Dai manufatti provenienti dal “nuovo mondo” ed entrati nelle collezioni farnesiane, il visitatore viene proiettato nella Roma del XVI secolo: sullo scenario della storia si stagliano tre celebri dipinti di Tiziano provenienti dal Museo e Real bosco di Capodimonte di Napoli, dai ritratti di Paolo III e di Pier Luigi Farnese alla sensuale Danae, probabilmente un omaggio all’amante del cardinale Alessandro Farnese il Giovane. Qualche altro esempio? La Cassetta Farnese, opera rappresentativa del lusso e della raffinatezza delle corti rinascimentali italiane, e l’altrettanto sorprendente Tazza Farnese, un grande cammeo in agata sardonica di epoca ellenistica collezionato da Lorenzo il Magnifico e in seguito ereditato dai Farnese. E poi preziosi oggetti in cristallo di rocca, pietre dure, avorio.
Un approfondimento è dedicato a Paolo Giovio, esponente di spicco della corte umanistica farnesiana e ispiratore di un nuovo metodo collezionistico che la casata adottò sia a Roma sia nella più piccola e periferica Parma dove, dal 1660, il duca Ranuccio II trasferì molti dei tesori fino ad allora conservati nel palazzo romano. Ulteriori tematiche si incrociano in altri ambienti della Pilotta: ovviamente non può mancare la visita del teatro Farnese, con le testimonianze che ne ricordano la genesi e le funzioni, oltre ad altri apparati effimeri secenteschi i quali, in occasione di matrimoni, funerali, nascite, cambiavano temporaneamente il volto delle città.
Si svela anche l’“Armeria secreta” che a Parma nel 1731 comprendeva ben duemiladuecentosettantotto armi e accessori: uno straordinario documento di come i Farnese cercassero di legittimare la loro autorità attraverso l’estetica del valore militare; poi la cartografia che illustra la colonizzazione dei territori di Parma e di Piacenza.
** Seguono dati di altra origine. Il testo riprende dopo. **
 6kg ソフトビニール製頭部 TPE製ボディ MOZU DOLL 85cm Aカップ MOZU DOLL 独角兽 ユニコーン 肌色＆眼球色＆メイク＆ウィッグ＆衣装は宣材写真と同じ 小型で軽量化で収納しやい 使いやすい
Infine, una piccola sala è dedicata alla musica ai tempi del ducato. Curiosando tra vasti saloni, corridoi, passerelle della Galleria nazionale, una particolare “caccia al tesoro” consente inoltre di rintracciare numerosi altri segni del dominio farnesiano a Parma: per esempio diversi ritratti dei duchi la cui vita fu ricca di episodi avvincenti, talvolta inquietanti o scandalosi. Si tratta di dipinti che fanno parte della collezione permanente e rappresentano ulteriori “manifesti” di una vicenda che, tra la metà del Cinquecento e gli anni Trenta del Settecento, vide il ducato di Parma e Piacenza inserito appieno nella storia italiana, europea e addirittura mondiale, come intende comunicare l’impostazione critica orientata verso la “Global History” a cui fa riferimento il progetto espositivo.